WHAT TO PRODUCE:
From the data below, return only the lines from the one with "Espressomasin Gastroback 2" through the one with "KELTEC SUB2K G3", exact and inclusive, with pictures left out.

PROVIDED DATA:
************

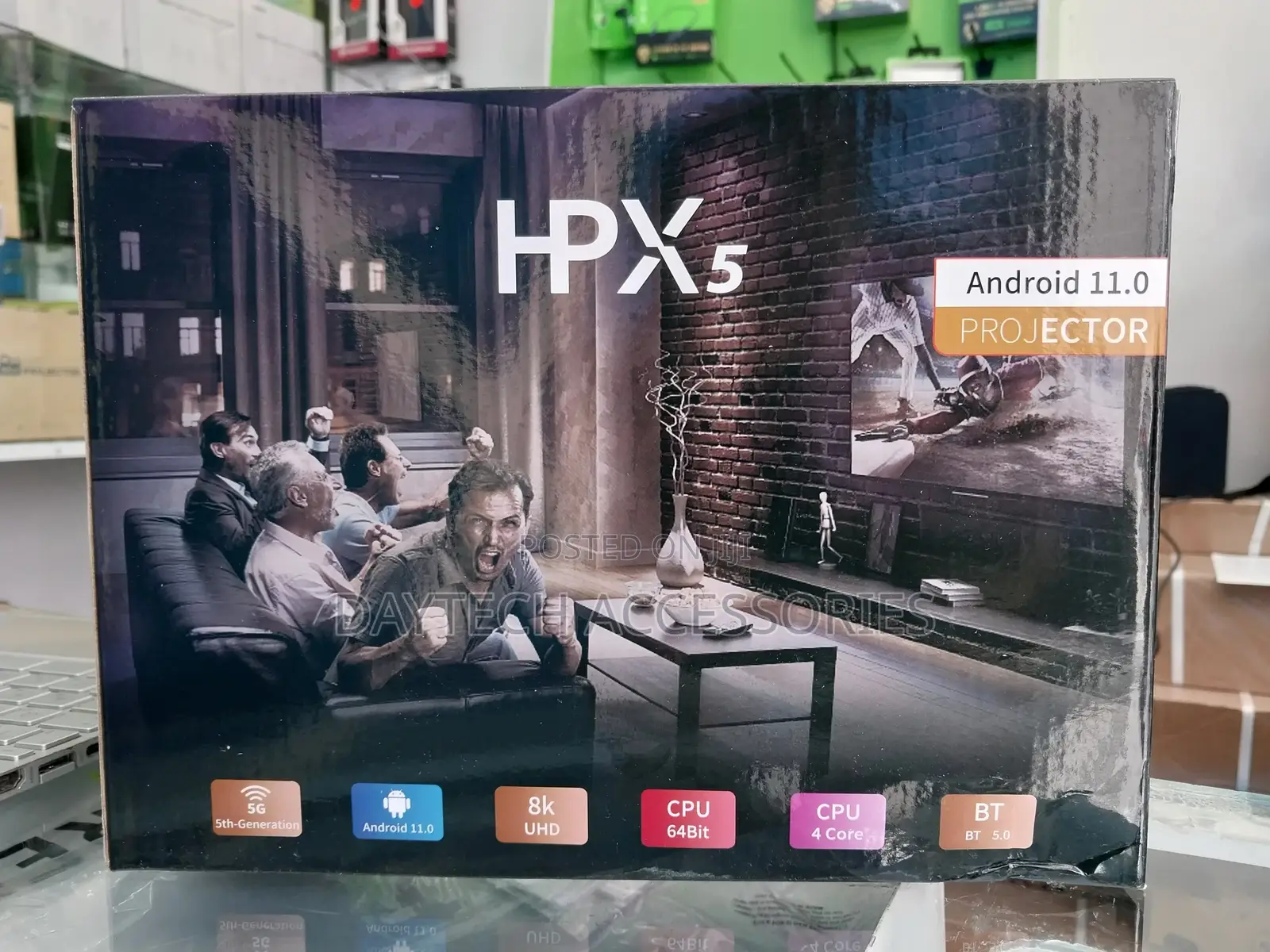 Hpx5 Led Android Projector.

************

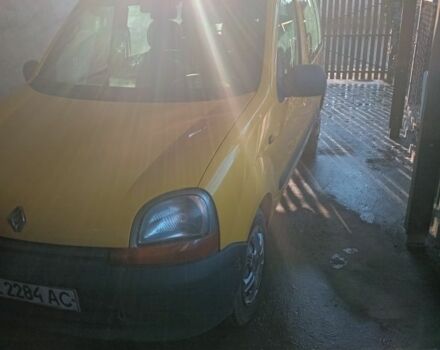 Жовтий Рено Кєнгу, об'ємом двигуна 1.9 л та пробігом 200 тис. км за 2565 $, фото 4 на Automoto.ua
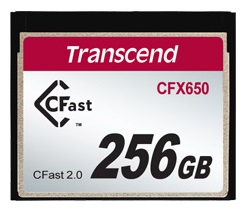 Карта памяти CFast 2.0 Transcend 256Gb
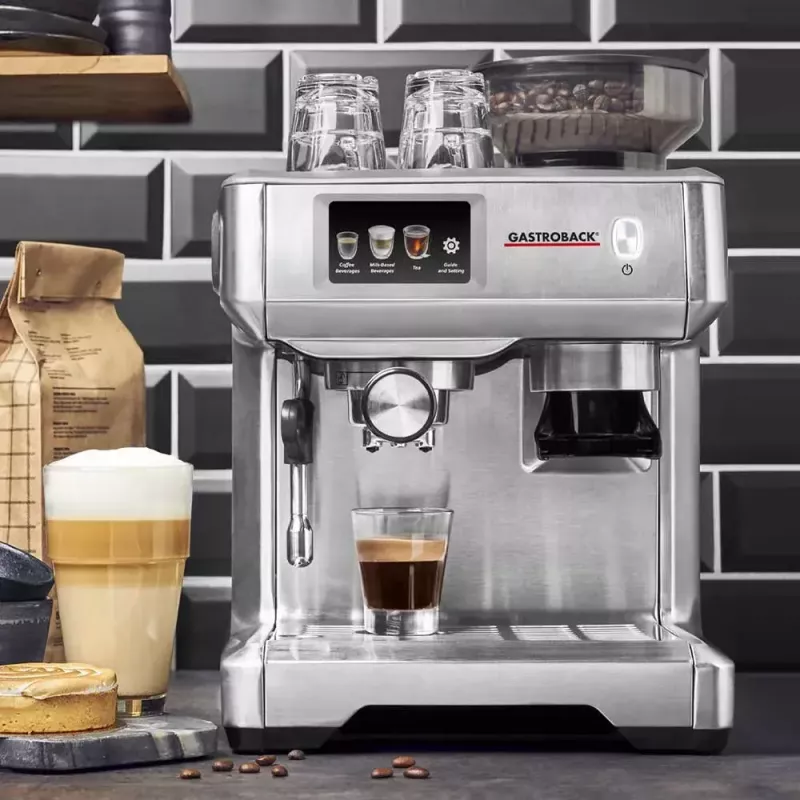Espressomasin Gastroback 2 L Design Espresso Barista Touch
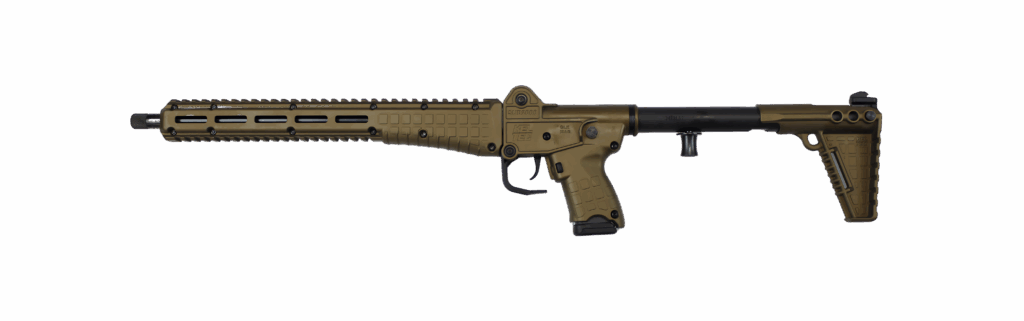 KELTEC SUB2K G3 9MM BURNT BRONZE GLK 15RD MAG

************

WRITTEN ANSWER:
Espressomasin Gastroback 2 L Design Espresso Barista Touch
 KELTEC SUB2K G3 9MM BURNT BRONZE GLK 15RD MAG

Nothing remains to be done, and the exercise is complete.